EXERCISE AIM -
Omitting all pictures, print the lines of the listing from the one containing "Cover of 10cc - The Cost of Living in Dreams" through the final line, both ends included, with no other text.

RECORDS SUPPLIED -

=== Section Start ===

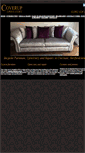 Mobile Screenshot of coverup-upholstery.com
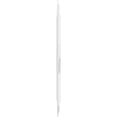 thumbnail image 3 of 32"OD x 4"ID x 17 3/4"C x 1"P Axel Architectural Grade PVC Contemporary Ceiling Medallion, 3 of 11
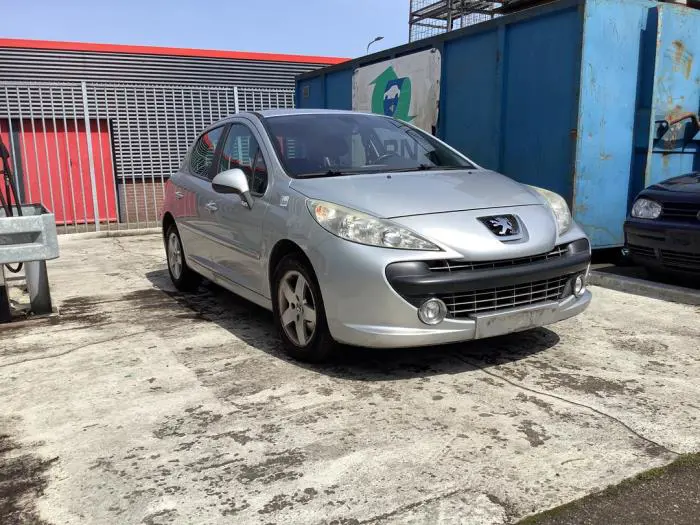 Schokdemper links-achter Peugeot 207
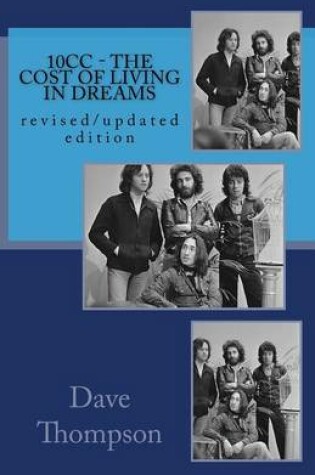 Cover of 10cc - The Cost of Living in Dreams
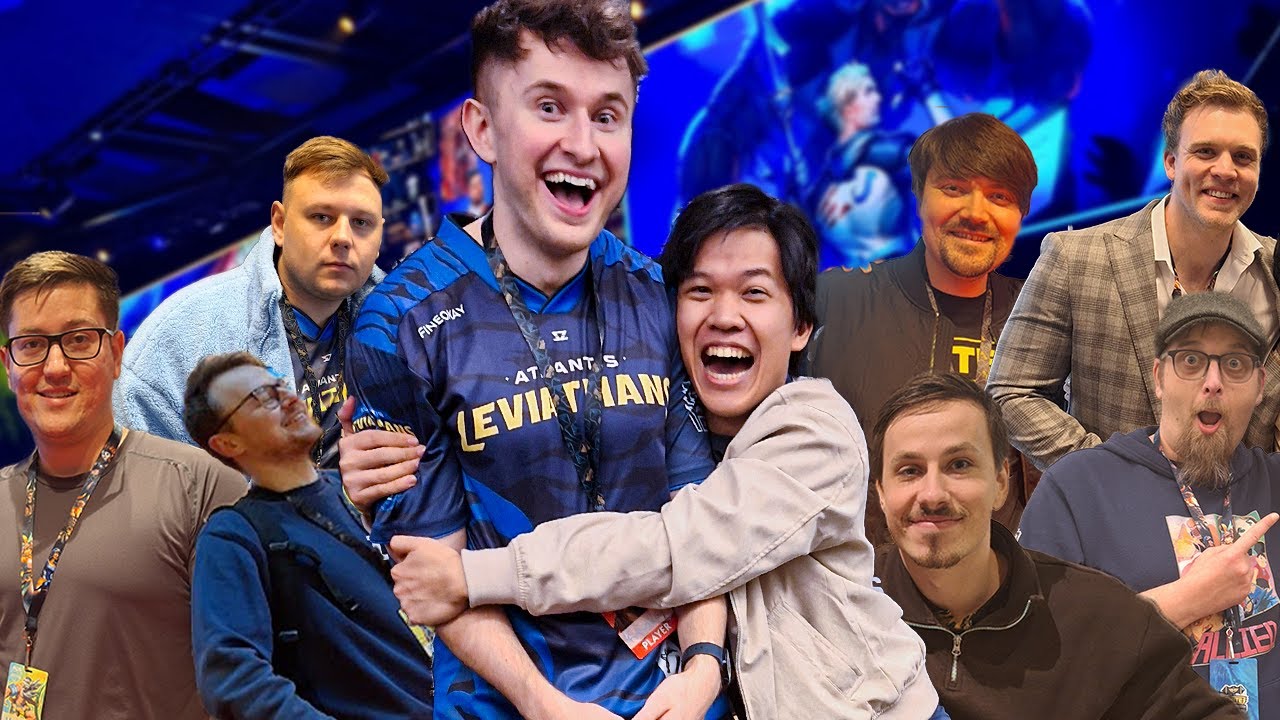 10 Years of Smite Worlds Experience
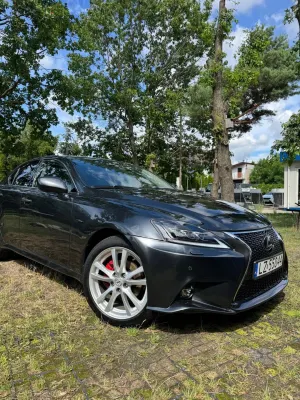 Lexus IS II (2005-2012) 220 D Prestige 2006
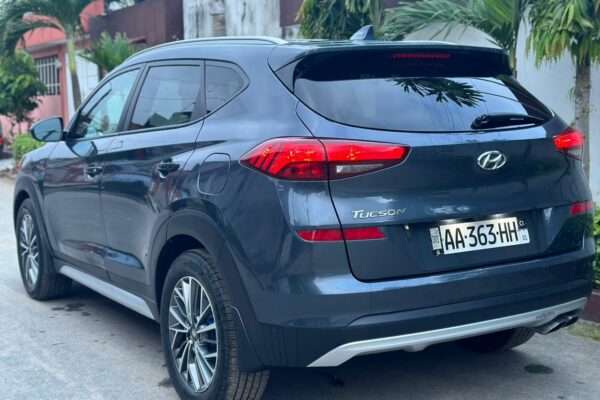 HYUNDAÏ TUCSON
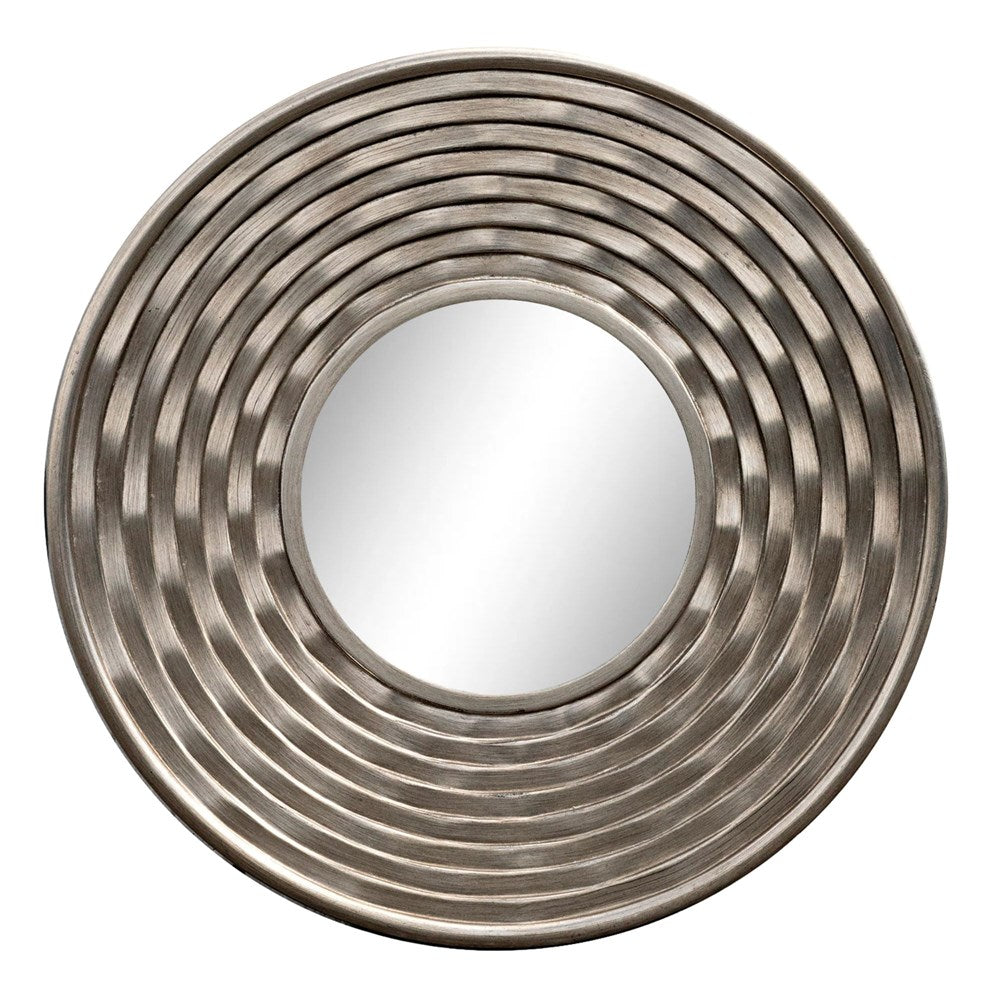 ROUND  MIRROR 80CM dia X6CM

=== Section End ===

FINAL ANSWER -
 Cover of 10cc - The Cost of Living in Dreams
 10 Years of Smite Worlds Experience
 Lexus IS II (2005-2012) 220 D Prestige 2006
 HYUNDAÏ TUCSON
 ROUND  MIRROR 80CM dia X6CM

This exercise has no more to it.